= Beginning of Section =

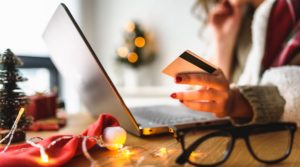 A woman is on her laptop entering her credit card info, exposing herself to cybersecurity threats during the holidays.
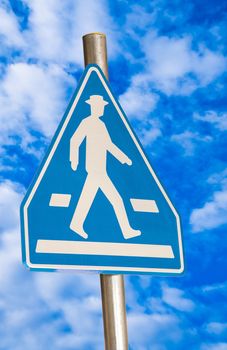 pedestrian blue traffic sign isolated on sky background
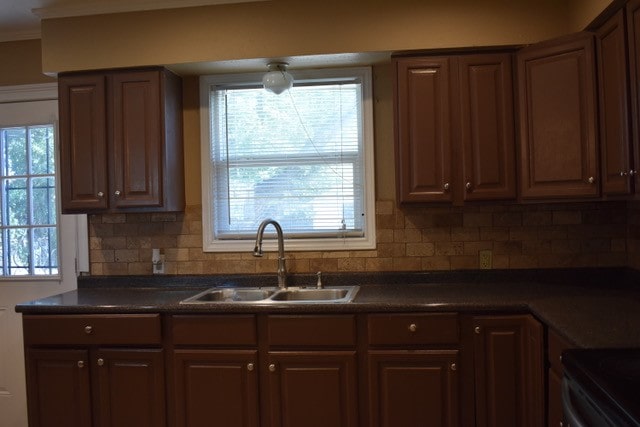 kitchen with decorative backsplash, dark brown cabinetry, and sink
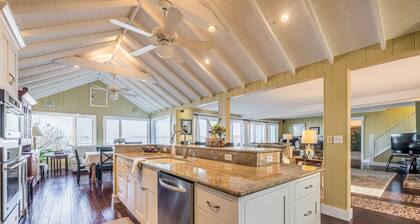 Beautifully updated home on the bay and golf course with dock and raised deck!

= End of Section =
= Beginning of Section =

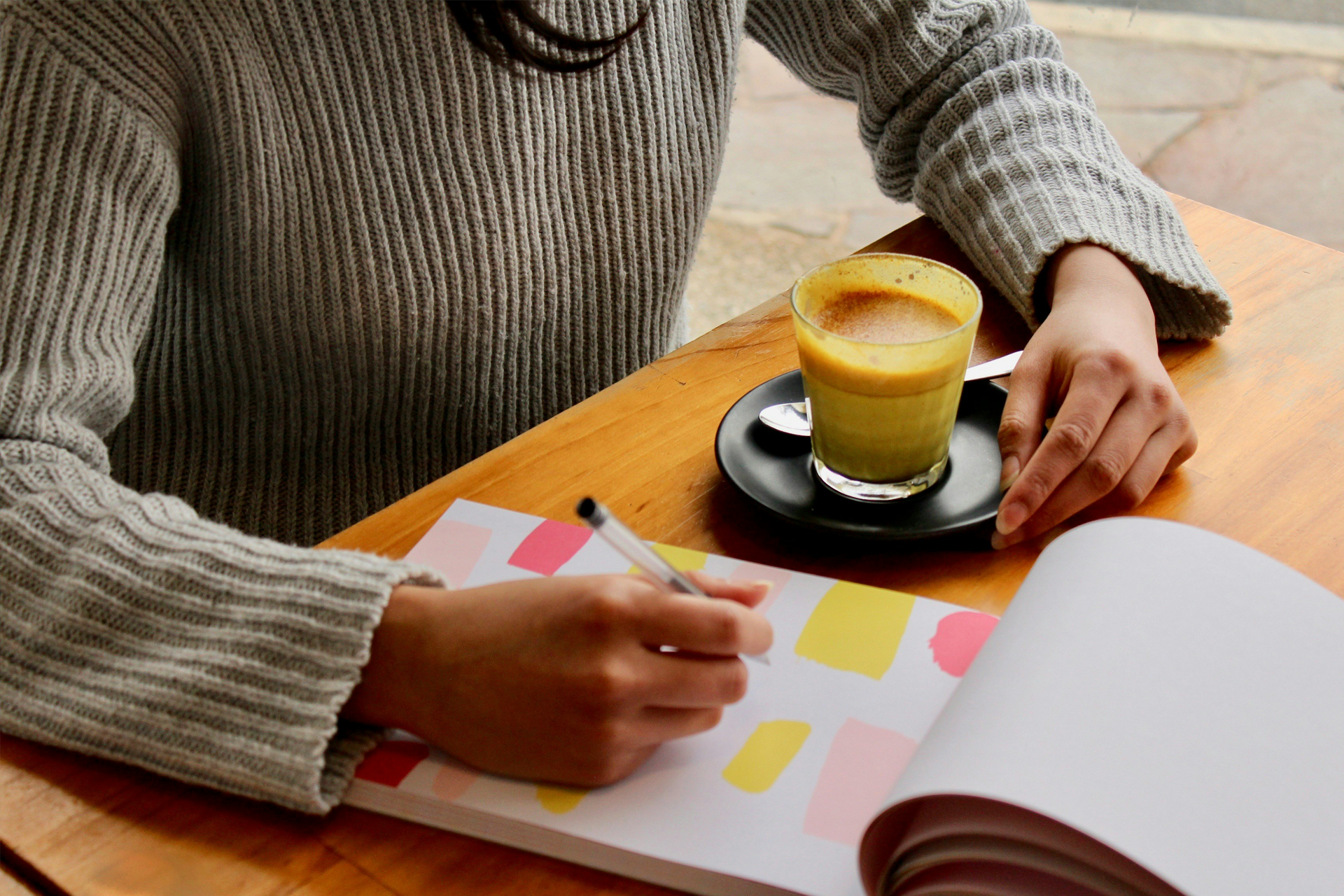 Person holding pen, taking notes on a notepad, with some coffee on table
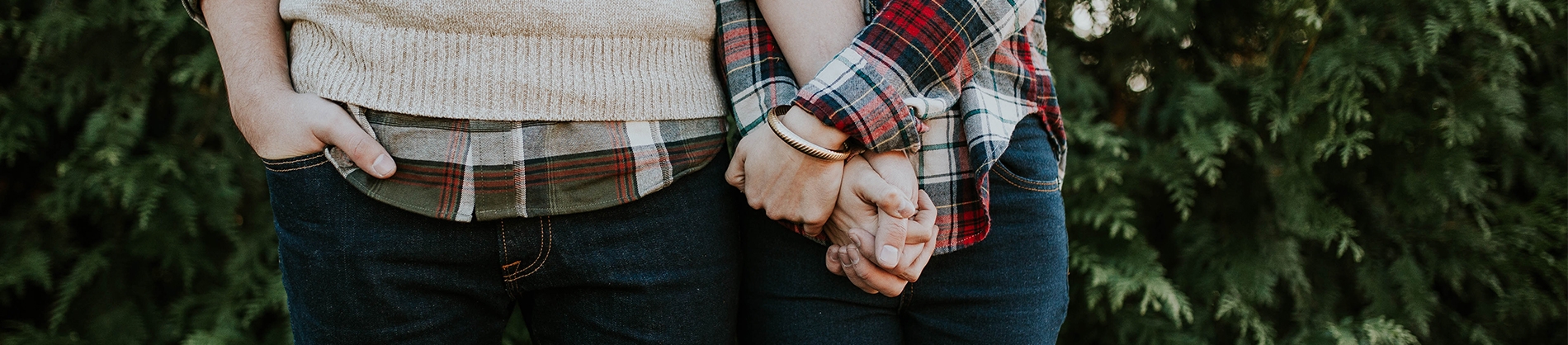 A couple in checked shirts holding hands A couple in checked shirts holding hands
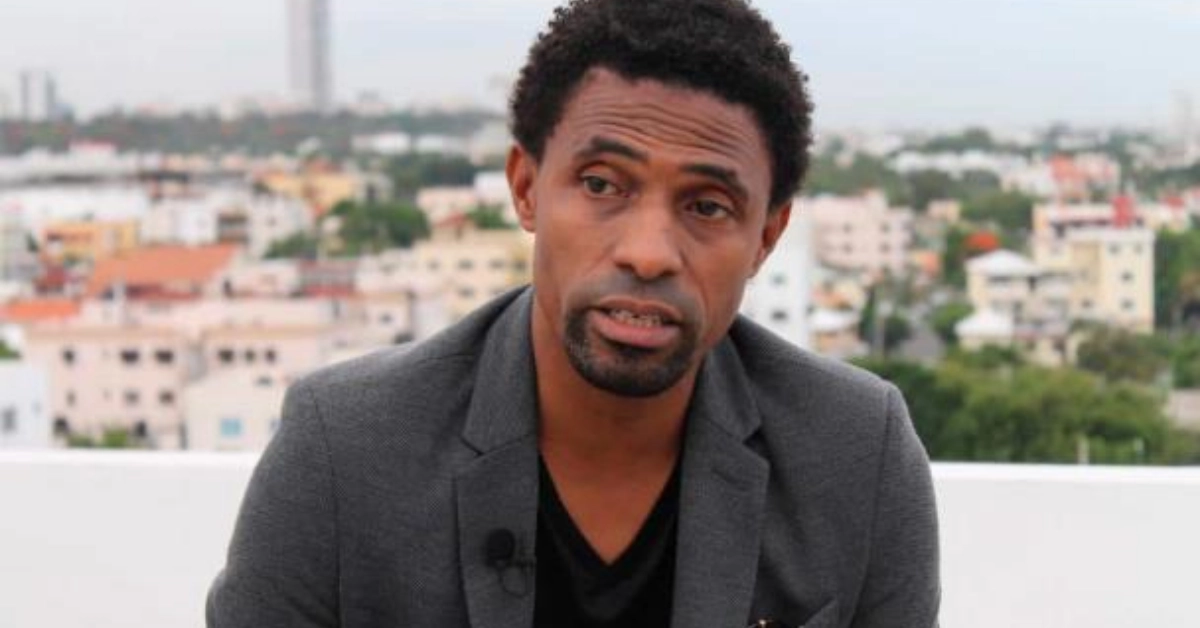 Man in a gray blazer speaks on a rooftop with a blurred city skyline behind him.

= End of Section =
= Beginning of Section =

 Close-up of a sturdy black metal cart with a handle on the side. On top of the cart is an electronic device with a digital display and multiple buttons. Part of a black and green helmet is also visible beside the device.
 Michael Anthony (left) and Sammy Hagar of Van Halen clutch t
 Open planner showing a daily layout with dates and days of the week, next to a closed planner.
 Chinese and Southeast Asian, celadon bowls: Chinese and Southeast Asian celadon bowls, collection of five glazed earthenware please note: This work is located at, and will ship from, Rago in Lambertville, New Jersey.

= End of Section =

- What the task requires
Would you copy, word for word, only the lines above from the one containing "A woman is on" through the one containing "Beautifully updated home", both included, and please leave out the pictures?

- Response to the exercise
 A woman is on her laptop entering her credit card info, exposing herself to cybersecurity threats during the holidays.
 pedestrian blue traffic sign isolated on sky background
 kitchen with decorative backsplash, dark brown cabinetry, and sink
 Beautifully updated home on the bay and golf course with dock and raised deck!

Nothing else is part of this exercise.